Could you retype exactly the line containing "Protection imperméable grise" and every line after it in the data below, leaving out the pictures?

==== Data for this exercise ====

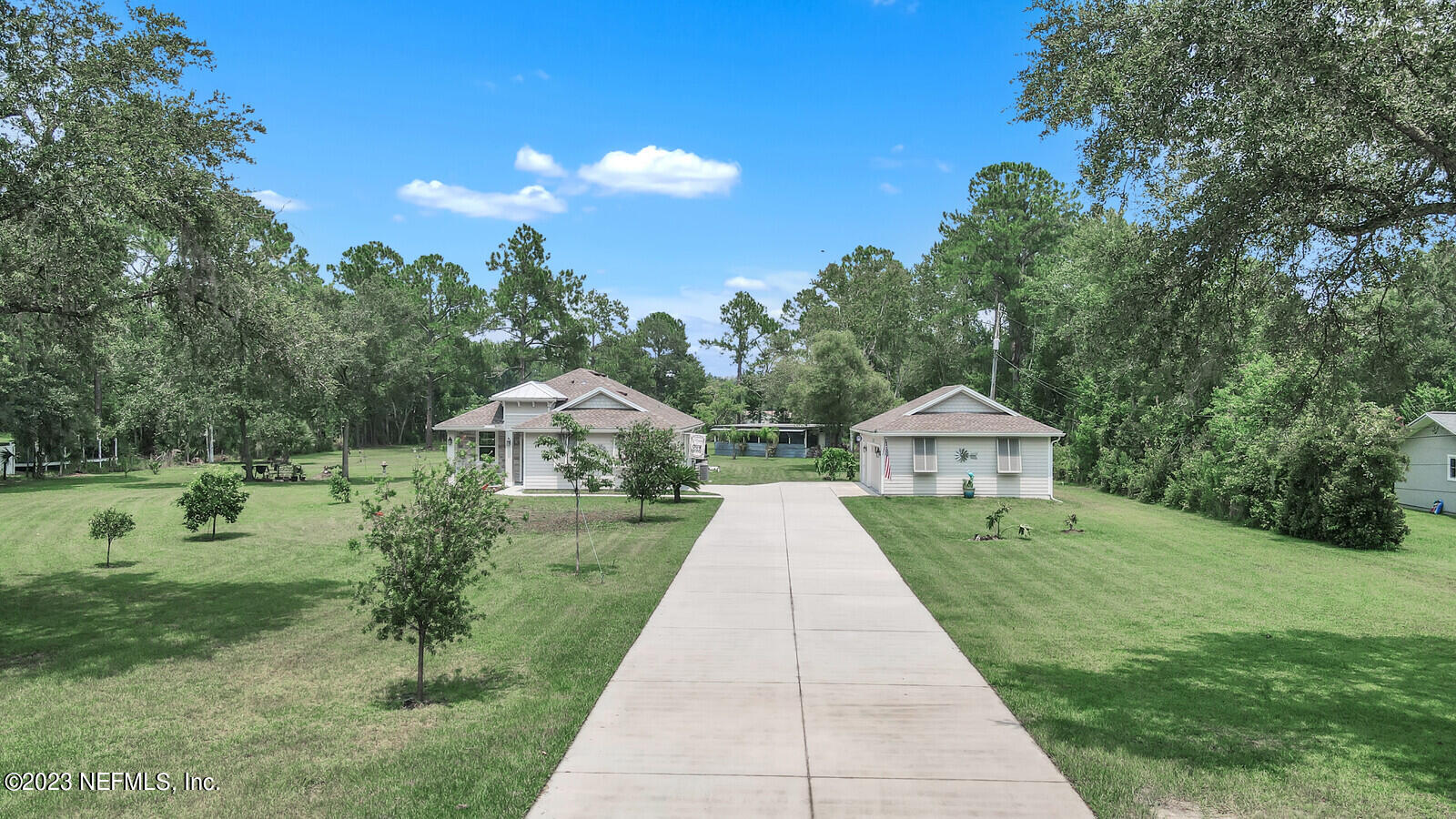 1521 Lee Road St. Johns, FL 32259 - Photo 1 of 38 a front view of a house with a yard and trees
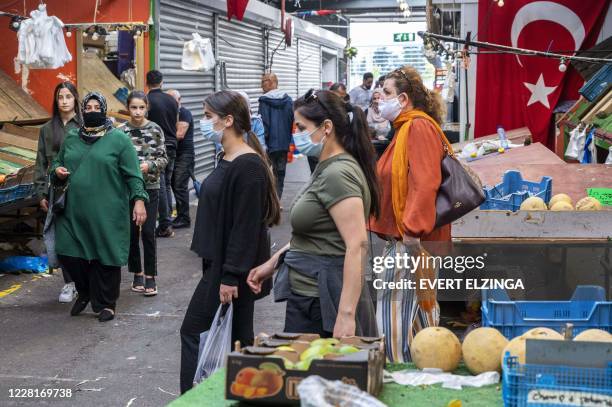 People wearing face masks walk in the Bazaar Beverwijk market, in Beverwijk, on August 23 after parts of the Bazaar have been closed by order of the...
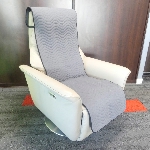Protection imperméable grise installée sur un fauteuil releveur, en situation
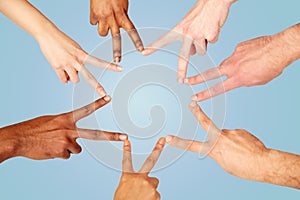 Group of international people showing peace sign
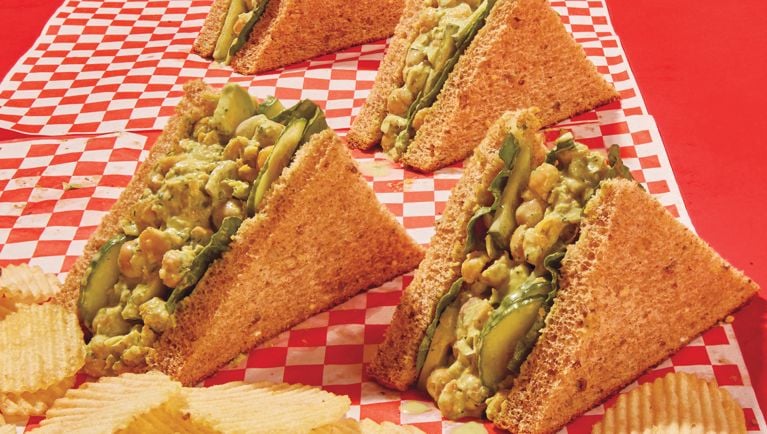 Triangle-cut sandwiches filled with spinach, cucumber slices, and smashed chickpea salad tossed in green goddess dressing.
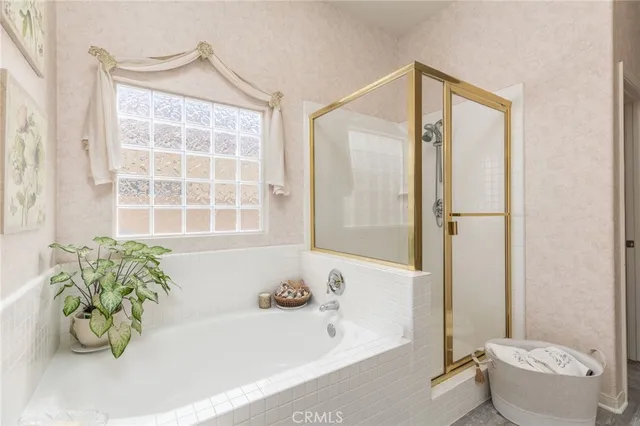 a bathroom with a bathtub and a shower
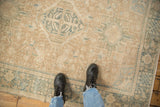 Low pile of a distressed Karaja rug showing even wear to the knot heads in sand and dusty teal.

====

Reply to the task:
Protection imperméable grise installée sur un fauteuil releveur, en situation
 Group of international people showing peace sign
 Triangle-cut sandwiches filled with spinach, cucumber slices, and smashed chickpea salad tossed in green goddess dressing.
 a bathroom with a bathtub and a shower
 Low pile of a distressed Karaja rug showing even wear to the knot heads in sand and dusty teal.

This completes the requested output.